In yesterday’s blog post we learned what is MapReduce. In this article we will take a quick look at one of the four most important buzz words which goes around Big Data – HDFS.
What is HDFS ?
HDFS stands for Hadoop Distributed File System and it is a primary storage system used by Hadoop. It provides high performance access to data across Hadoop clusters. It is usually deployed on low-cost commodity hardware. In commodity hardware deployment server failures are very common. Due to the same reason HDFS is built to have high fault tolerance. The data transfer rate between compute nodes in HDFS is very high, which leads to reduced risk of failure.

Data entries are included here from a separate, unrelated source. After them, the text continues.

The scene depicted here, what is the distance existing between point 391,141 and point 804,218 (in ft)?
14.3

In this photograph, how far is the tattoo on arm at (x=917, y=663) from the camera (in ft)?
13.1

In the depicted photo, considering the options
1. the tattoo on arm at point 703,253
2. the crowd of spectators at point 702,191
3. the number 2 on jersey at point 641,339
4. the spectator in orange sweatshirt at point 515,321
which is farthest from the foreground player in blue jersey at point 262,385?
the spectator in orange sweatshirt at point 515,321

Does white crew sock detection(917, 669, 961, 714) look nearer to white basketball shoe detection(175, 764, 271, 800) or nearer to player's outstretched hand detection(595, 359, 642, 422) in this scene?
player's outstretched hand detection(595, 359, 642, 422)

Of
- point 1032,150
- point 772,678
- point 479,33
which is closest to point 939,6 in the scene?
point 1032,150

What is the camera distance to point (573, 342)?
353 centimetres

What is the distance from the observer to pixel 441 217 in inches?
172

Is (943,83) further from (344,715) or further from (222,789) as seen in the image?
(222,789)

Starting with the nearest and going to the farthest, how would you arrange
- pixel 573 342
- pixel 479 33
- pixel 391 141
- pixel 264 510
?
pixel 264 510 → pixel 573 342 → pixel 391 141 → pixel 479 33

HDFS creates smaller pieces of the big data and distributes it on different nodes. It also copies each smaller piece to multiple times on different nodes. Hence when any node with the data crashes the system is automatically able to use the data from a different node and continue the process. This is the key feature of the HDFS system.
Architecture of HDFS
The architecture of the HDFS is master/slave architecture. An HDFS cluster always consists of single NameNode. This single NameNode is a master server and it manages the file system as well regulates access to various files. In additional to NameNode there are multiple DataNodes. There is always one DataNode for each data server. In HDFS a big file is split into one or more blocks and those blocks are stored in a set of DataNodes.
The primary task of the NameNode is to open, close or rename files and directory and regulate access to the file system, whereas the primary task of the DataNode is read and write to the file systems. DataNode is also responsible for the creation, deletion or replication of the data based on the instruction from NameNode.
In reality, NameNode and DataNode are software designed to run on commodity machine build in Java language.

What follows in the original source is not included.